* Aim of the task *
In the entries below, find the line containing "Laad afbeelding in" and the line containing "Campingplatz Krautsand am". Copy those two lines and everything between them exactly, without the pictures.

* Task input *
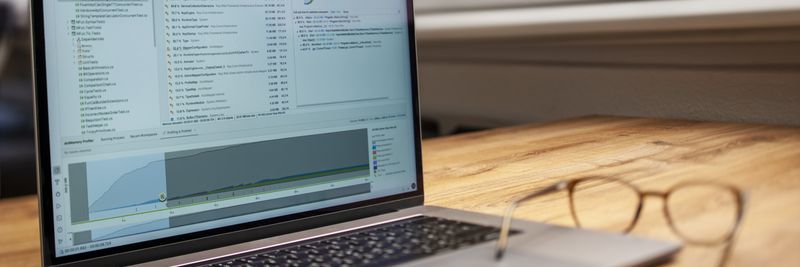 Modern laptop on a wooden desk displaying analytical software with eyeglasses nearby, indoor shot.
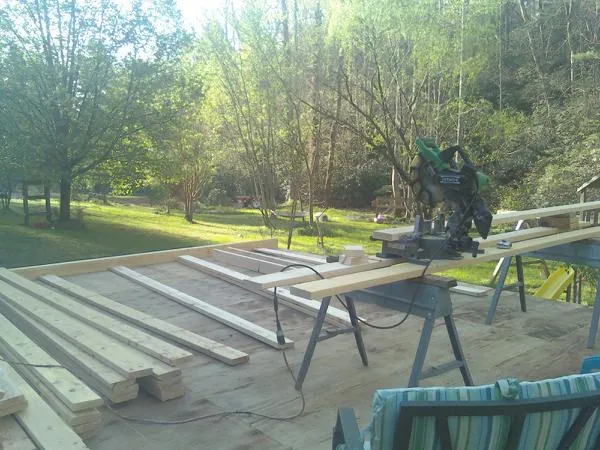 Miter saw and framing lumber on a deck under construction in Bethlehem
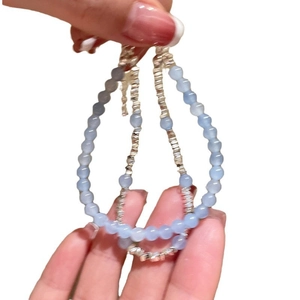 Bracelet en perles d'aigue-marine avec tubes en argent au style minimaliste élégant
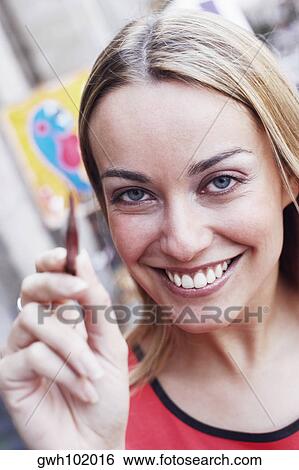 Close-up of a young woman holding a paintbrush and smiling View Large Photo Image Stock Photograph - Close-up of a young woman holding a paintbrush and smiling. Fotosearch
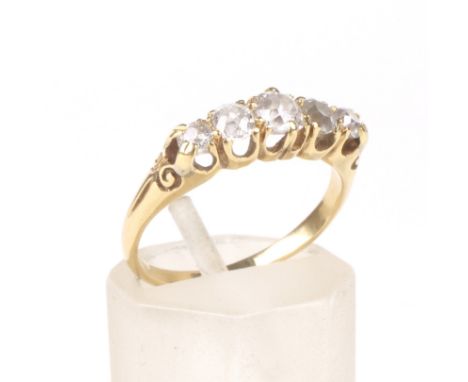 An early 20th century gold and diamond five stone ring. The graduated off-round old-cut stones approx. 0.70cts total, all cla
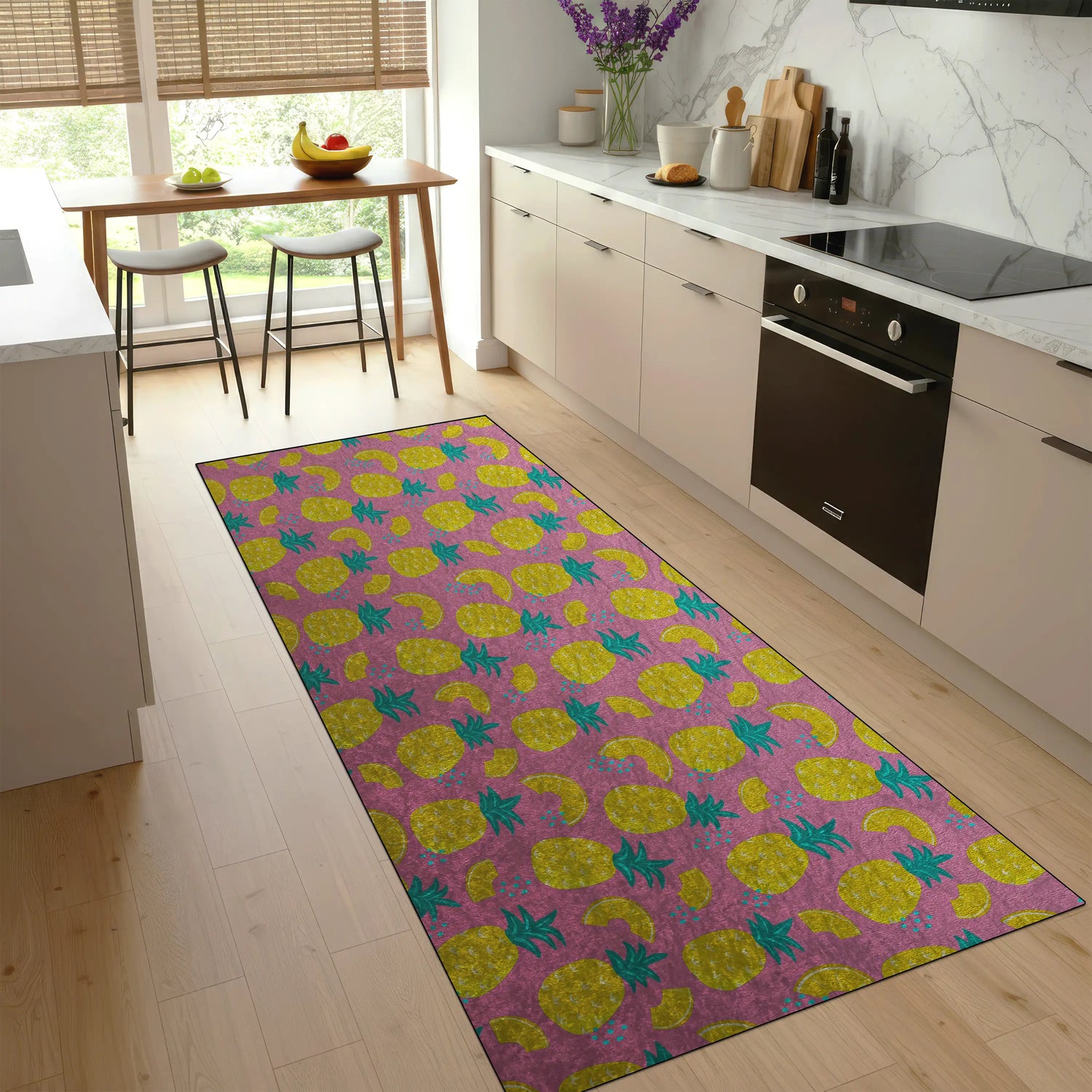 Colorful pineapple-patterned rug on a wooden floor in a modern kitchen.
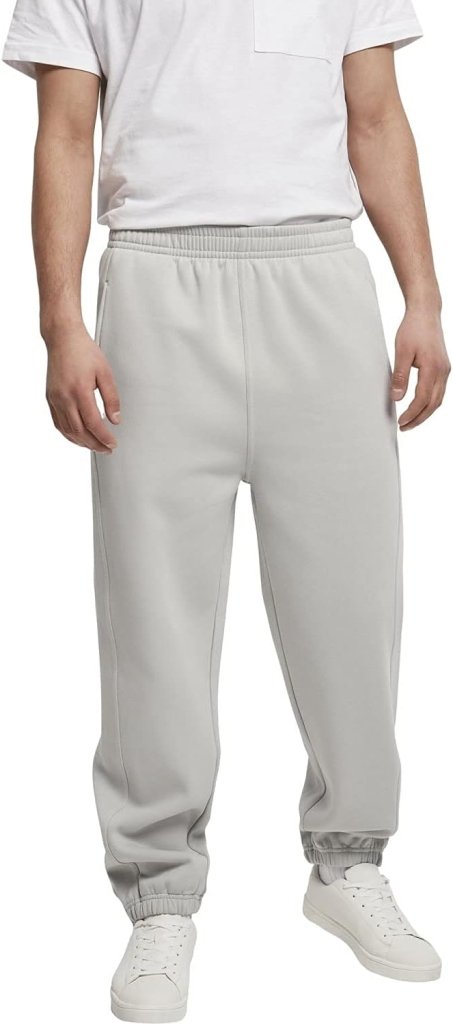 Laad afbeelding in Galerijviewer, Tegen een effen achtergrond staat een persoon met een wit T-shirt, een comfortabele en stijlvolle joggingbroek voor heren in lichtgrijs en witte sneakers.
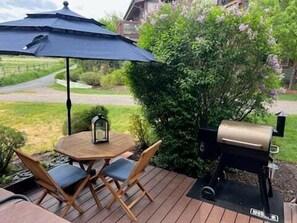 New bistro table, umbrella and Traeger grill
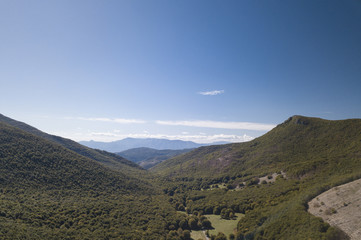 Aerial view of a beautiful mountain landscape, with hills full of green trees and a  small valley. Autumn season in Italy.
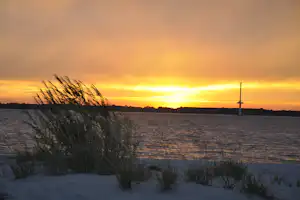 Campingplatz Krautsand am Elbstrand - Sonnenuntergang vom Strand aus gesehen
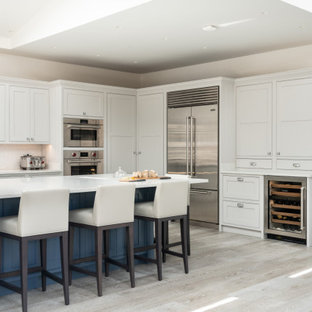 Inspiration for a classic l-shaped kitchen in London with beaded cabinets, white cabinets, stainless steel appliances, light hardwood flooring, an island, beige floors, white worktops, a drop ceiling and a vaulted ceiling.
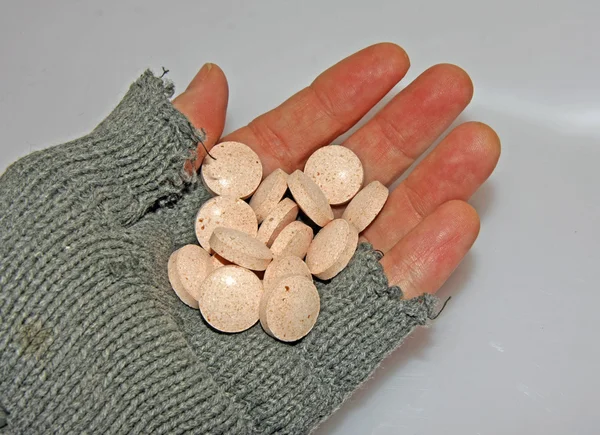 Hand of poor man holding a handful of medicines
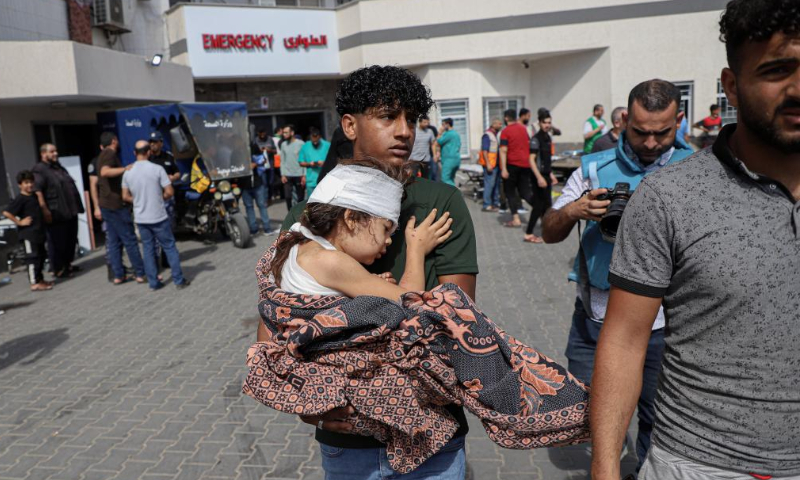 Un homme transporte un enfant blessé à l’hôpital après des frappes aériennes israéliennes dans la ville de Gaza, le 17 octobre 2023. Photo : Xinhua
* * *
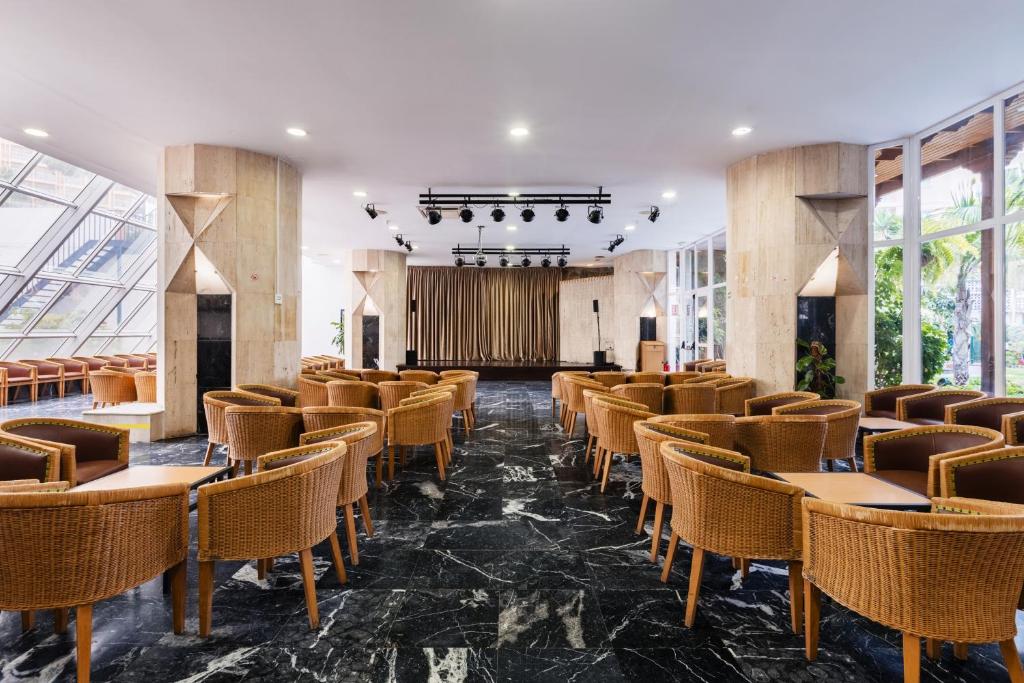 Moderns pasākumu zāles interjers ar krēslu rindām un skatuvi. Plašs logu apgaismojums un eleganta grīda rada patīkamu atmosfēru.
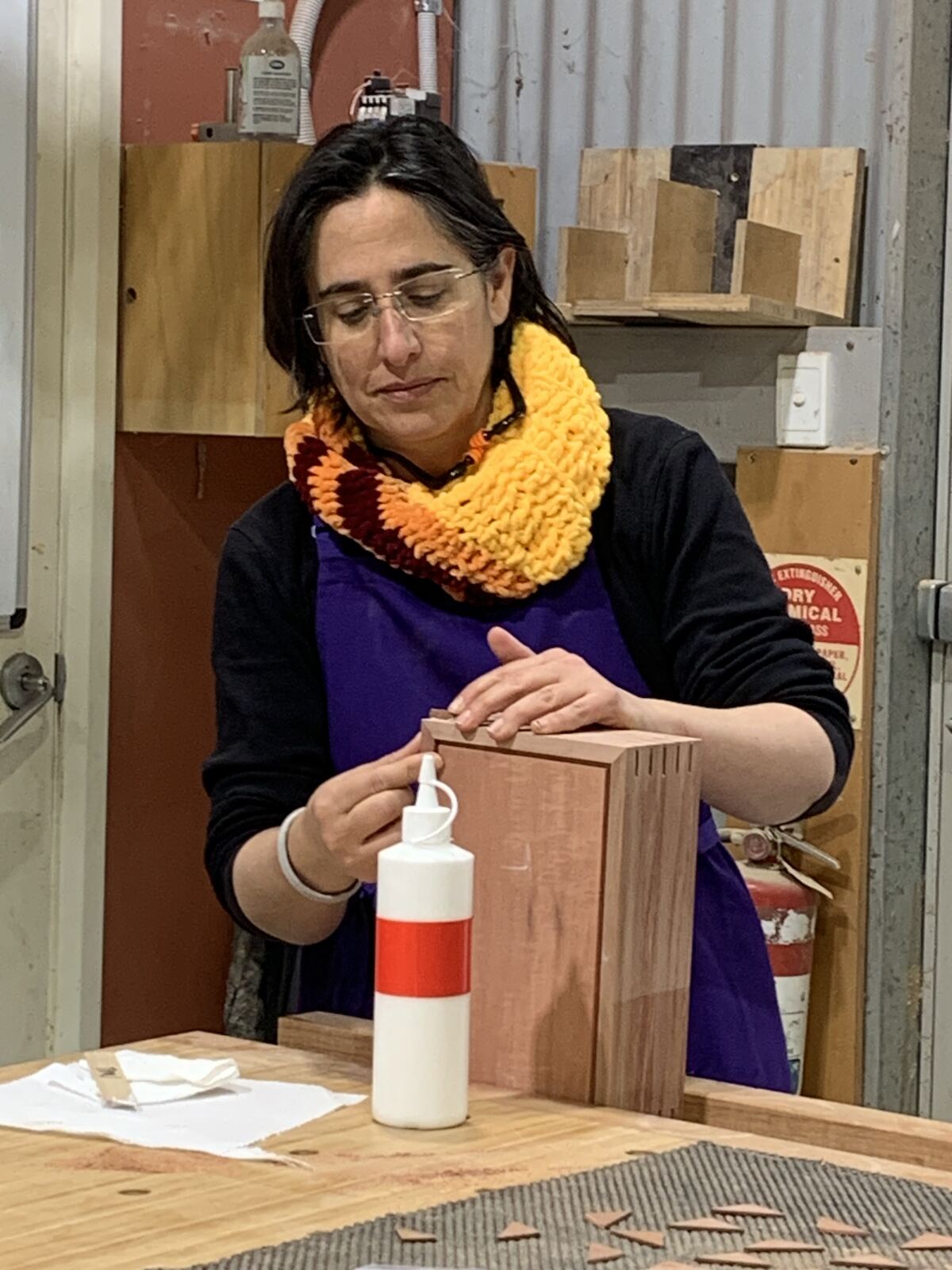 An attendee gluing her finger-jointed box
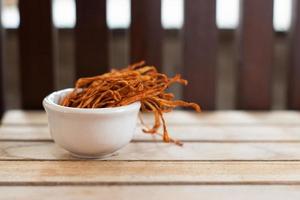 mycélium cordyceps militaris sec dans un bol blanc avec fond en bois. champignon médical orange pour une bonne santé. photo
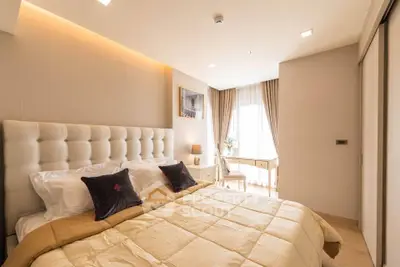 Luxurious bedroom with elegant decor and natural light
---
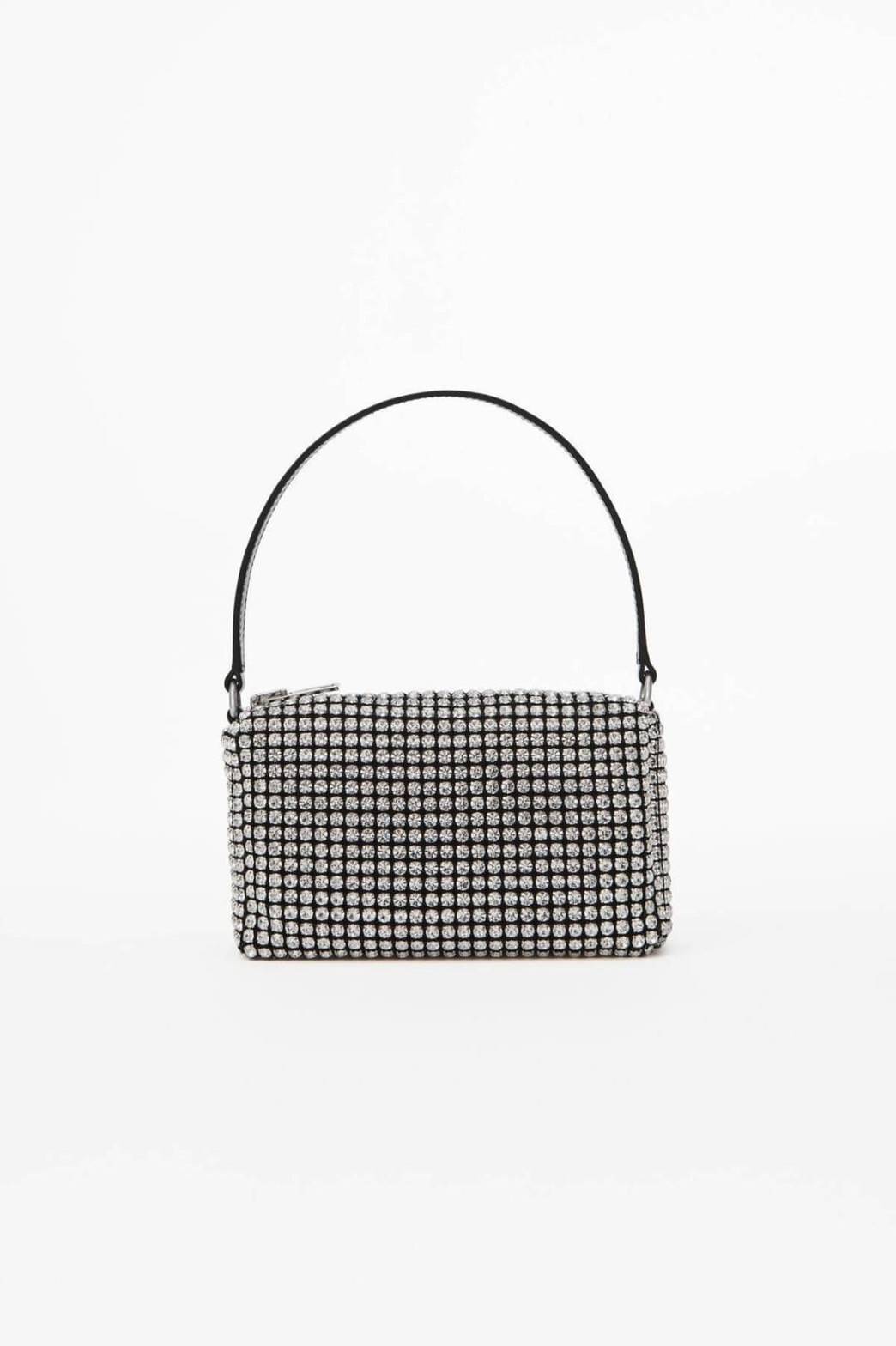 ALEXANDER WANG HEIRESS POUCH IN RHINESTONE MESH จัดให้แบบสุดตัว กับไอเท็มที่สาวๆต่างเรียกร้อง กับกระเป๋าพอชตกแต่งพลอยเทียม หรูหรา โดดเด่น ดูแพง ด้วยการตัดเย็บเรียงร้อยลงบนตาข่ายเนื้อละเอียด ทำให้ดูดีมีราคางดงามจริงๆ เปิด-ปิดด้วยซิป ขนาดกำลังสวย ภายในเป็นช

* Response to this task *
 Laad afbeelding in Galerijviewer, Tegen een effen achtergrond staat een persoon met een wit T-shirt, een comfortabele en stijlvolle joggingbroek voor heren in lichtgrijs en witte sneakers.
 New bistro table, umbrella and Traeger grill
 Aerial view of a beautiful mountain landscape, with hills full of green trees and a  small valley. Autumn season in Italy.
 Campingplatz Krautsand am Elbstrand - Sonnenuntergang vom Strand aus gesehen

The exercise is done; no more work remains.